Short web captions:
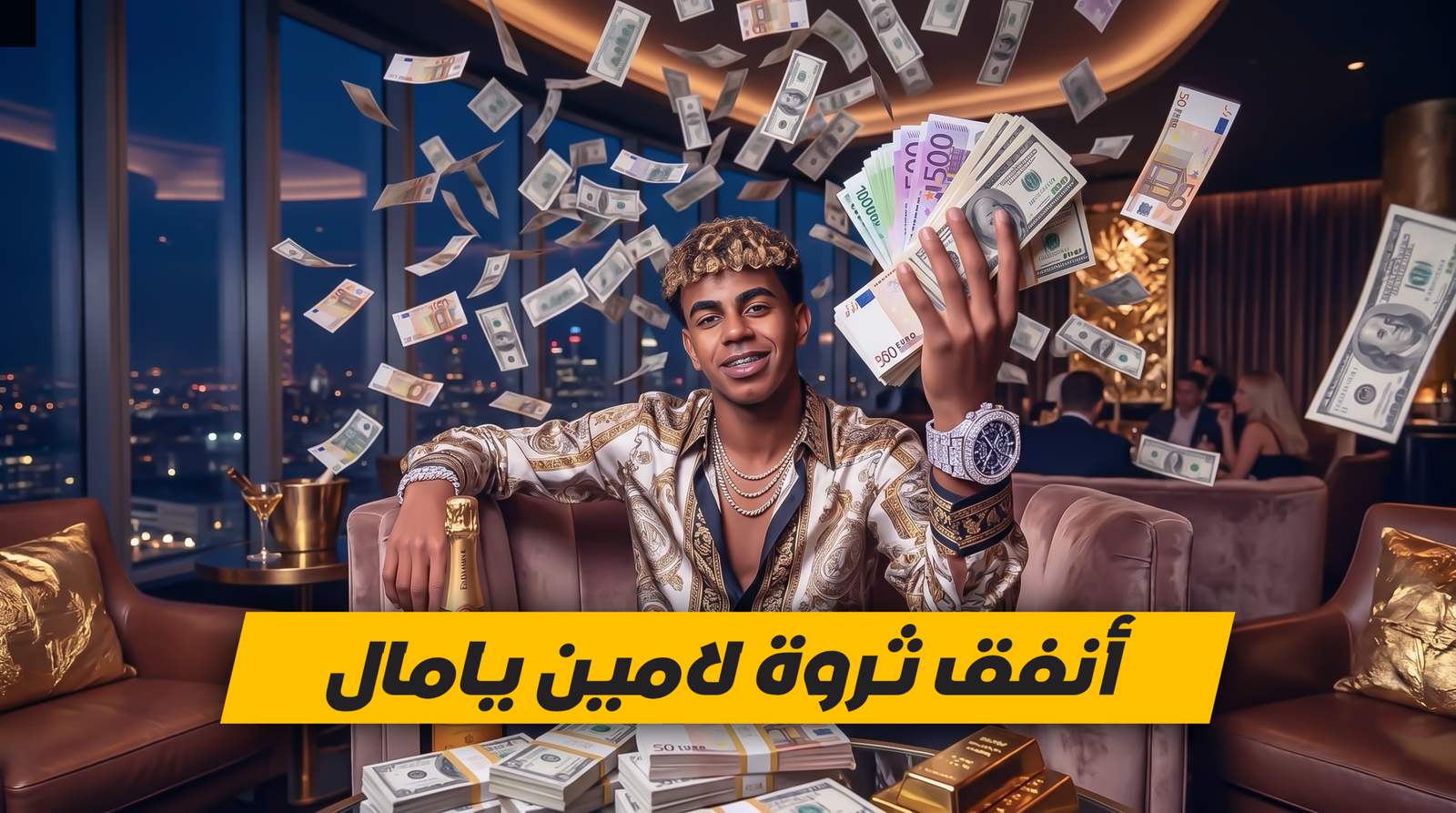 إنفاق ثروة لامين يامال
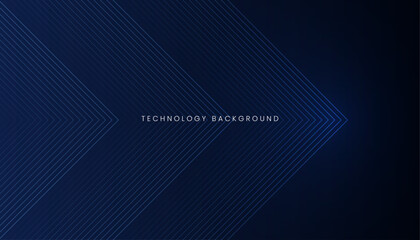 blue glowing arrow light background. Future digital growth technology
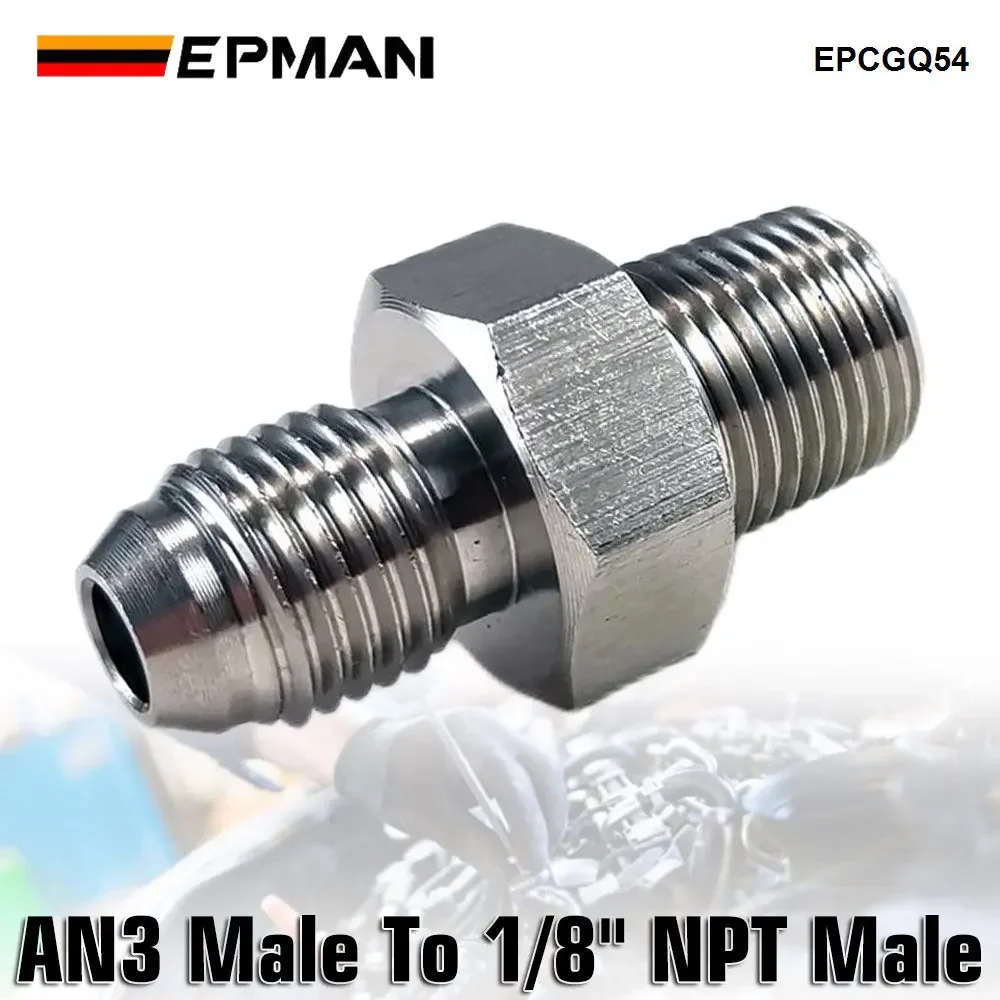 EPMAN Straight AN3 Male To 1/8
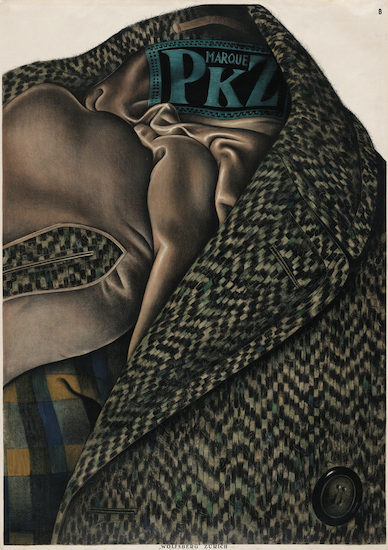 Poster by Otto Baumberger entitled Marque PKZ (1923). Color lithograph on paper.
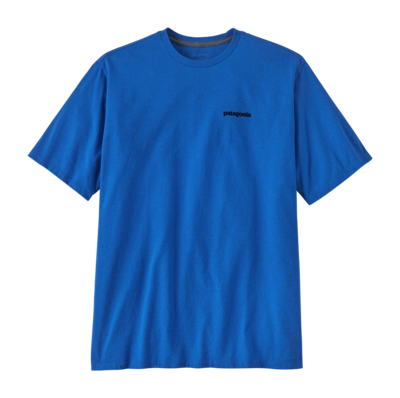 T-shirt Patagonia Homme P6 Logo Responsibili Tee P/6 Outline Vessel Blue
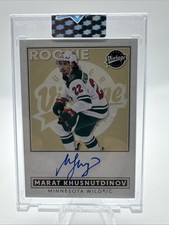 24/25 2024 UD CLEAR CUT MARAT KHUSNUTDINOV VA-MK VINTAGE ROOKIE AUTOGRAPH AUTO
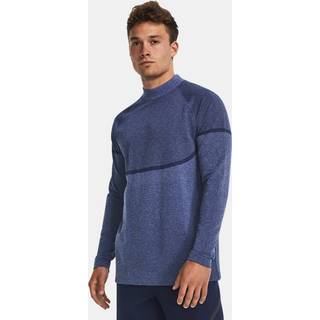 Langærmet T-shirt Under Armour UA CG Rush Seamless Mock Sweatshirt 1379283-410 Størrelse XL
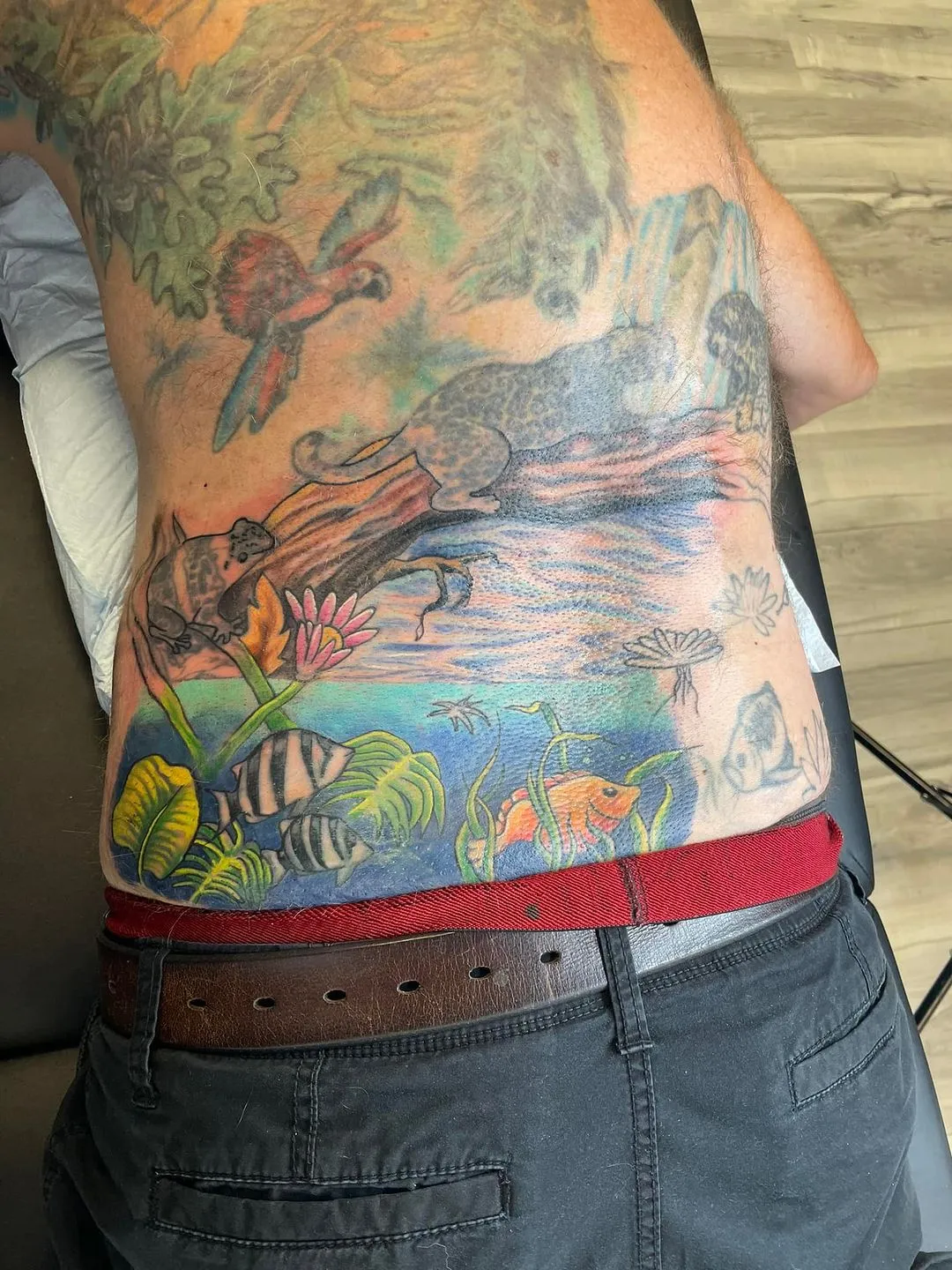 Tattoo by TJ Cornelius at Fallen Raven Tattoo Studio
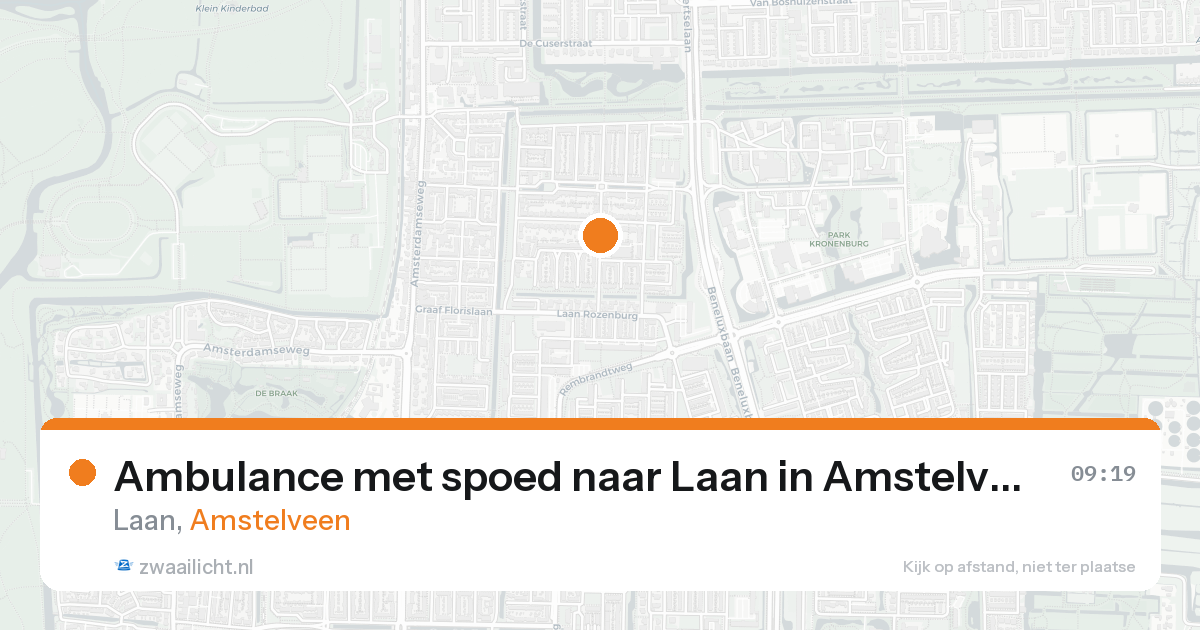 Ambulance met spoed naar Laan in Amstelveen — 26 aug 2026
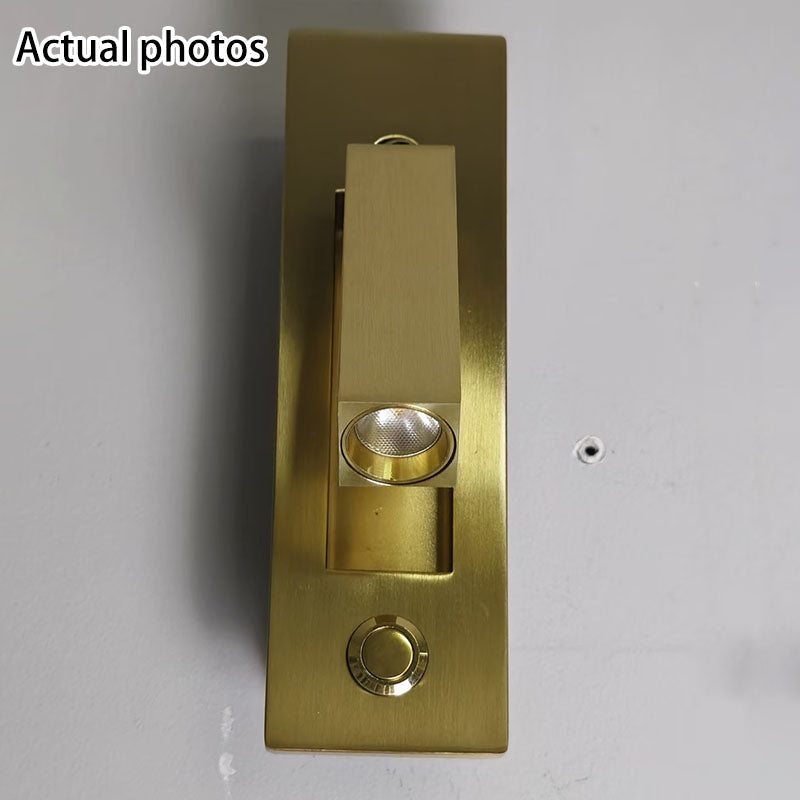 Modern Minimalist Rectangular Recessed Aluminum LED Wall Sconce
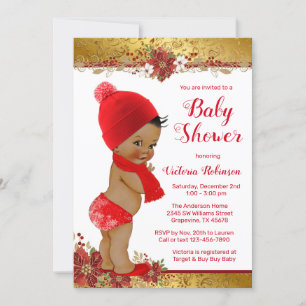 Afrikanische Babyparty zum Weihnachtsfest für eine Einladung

> _WORK REQUIRED_:
In the entries above, which lines run from the one with "Poster by Otto" up to and including the one with "Modern Minimalist Rectangular"? Write them out exactly, without the pictures.

> _SOLUTION TO THIS EXERCISE_:
 Poster by Otto Baumberger entitled Marque PKZ (1923). Color lithograph on paper.
 T-shirt Patagonia Homme P6 Logo Responsibili Tee P/6 Outline Vessel Blue
 24/25 2024 UD CLEAR CUT MARAT KHUSNUTDINOV VA-MK VINTAGE ROOKIE AUTOGRAPH AUTO
 Langærmet T-shirt Under Armour UA CG Rush Seamless Mock Sweatshirt 1379283-410 Størrelse XL
 Tattoo by TJ Cornelius at Fallen Raven Tattoo Studio
 Ambulance met spoed naar Laan in Amstelveen — 26 aug 2026
 Modern Minimalist Rectangular Recessed Aluminum LED Wall Sconce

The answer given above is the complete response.